Also gehen sie drei Wochen an Bord, schlafen in einer Etagenbett-Kabine und sind Teil der multinationalen Crew der „MS Aquarius“. Die holt Hoffnungssuchende aus Ländern wie Mali, Eritrea und dem Südsudan aus überfüllten, leckgeschlagenen Schlauchbooten. Es ist eine völlig andere Welt als das Zuhause von Eickmeyer und von Borstel in einem Ort mit 5.000 Einwohnern – so viele Menschen, wie am 23. Juni gerettet werden.

Mit der Sprechblasenästhetik von Goofy oder Asterix hat das nichts zu tun

Ein Stück Rettungsweste

Wieder zu Hause, umgeben von Skizzenblöcken, einem halben Dutzend Staffeleien, Gläsern voller Pinsel, erinnert sich Eickmeyer an die Reaktionen seiner Umwelt: „Respekt, haben viele gesagt – toll, was ihr da macht.“ Aber dann hätten sie immer gleich ein Aber hinterhergeschoben: „Eine solche Hilfsaktion ist doch keine Lösung! Da müssen die Regierungen ran, die Politiker, global!“ Eickmeyer zuckt die Achseln. „Klar, müssen sie. Aber wie wahrscheinlich ist es, dass das jemals geschieht?“

Deshalb habe er sich gefragt, was er selbst tun könne, im Kleinen. „Sonst kannst du dich irgendwann nicht mehr im Spiegel ansehen“, ist er überzeugt.
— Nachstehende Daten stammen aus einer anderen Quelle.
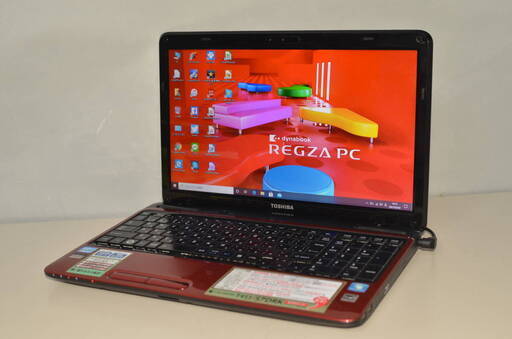 最新Windows10+office 爆速新品SSD512GB 東芝Dynabook T451/57DRK 高性能core i7-2670QM/8GB/15.6インチ/無線/HDMI/ブルーレイ/便利ソフト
Ein überlebensgroßes Flüchtlingsporträt in Acryl dominiert den Raum, rechts unten ist ein Stück Rettungsweste eingearbeitet. Es ist für eine Wanderausstellung gedacht, die über die Arbeit von SOS Méditerranée und „Liebe deinen Nächsten“ informiert.

Die beiden Künstler wollen das Thema Flüchtlinge „mit den Mitteln der Kunst auf eine kulturelle Ebene heben“, sagt von Borstel. „Wer sind denn die Verursacher dieser Fluchtbewegungen?“, fragt Eickmeyer und antwortet dann selbst: „Wir. Und dann bauen wir uns eine Festung und lassen niemanden rein.“ Für ihn ist das purer Zynismus. „Waren dürfen sich frei bewegen, weltweit, aber Menschen nicht?“, sagt er.

Stilistischer Grenzgang

Ihre Graphic Novel folgt, reportagehaft, ihrem persönlichen Erleben. Die „MS Aquarius“ ist vom Beiboot aus zu sehen, die erleichterten Blicke der Geretteten, die Anspannung, Erfülltheit und Müdigkeit der Helfer. Dramatik teilt sich mit und Emotion – mahnend, feinfühlig, appellativ.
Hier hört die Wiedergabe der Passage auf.